Bill King and his team of American and Canadian firefighters were called to a "border fire" in Burragate. Winds were shifting and hotter temperatures were sparking fires in the town. 

"They were relieved that we're there, obviously, with the amount of engines we had, the support we had," King said. "But obviously, they were nervous, just seeing the gray sky and ash falling out, and they were obviously pretty nervous.”

King left his family in Colorado to become operations section chief for Group 4 here in Australia. He coordinates resources like machinery, protective clothing and food for each deployment. 
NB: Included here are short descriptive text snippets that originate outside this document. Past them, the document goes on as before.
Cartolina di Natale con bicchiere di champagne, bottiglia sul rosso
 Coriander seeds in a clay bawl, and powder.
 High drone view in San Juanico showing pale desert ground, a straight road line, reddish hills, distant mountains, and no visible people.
It takes several days to extinguish a particular fire. Then, it's on to another. It's grueling work. But King says it's important to be in Australia to help — even if it meant leaving his 3-month-old newborn, Shaila, back home. 

"This is my daughter with her toys," King said as he showed a picture of his child. "She's a really happy baby.”

King explained why he decided to give up valuable family time to travel to Australia.

"The Australians have helped us in the U.S. in the community that I live in previously, multiple times in the past," King said. "So I definitely wanted to come and repay the favor and help them and their time of need.”

Others in Group 4, like Renee Flanagan from Utah, say it is just as important to be a shoulder to lean on for their Australian counterparts.

"I think the main thing is just listening," Flanagan said. "A lot of the folks that are working here today have been personally impacted, either their properties or their families have been impacted."

King and Flanagan expect to be deployed until mid-February, just as the U.S. Forest Service says fire season in the United States will be getting underway.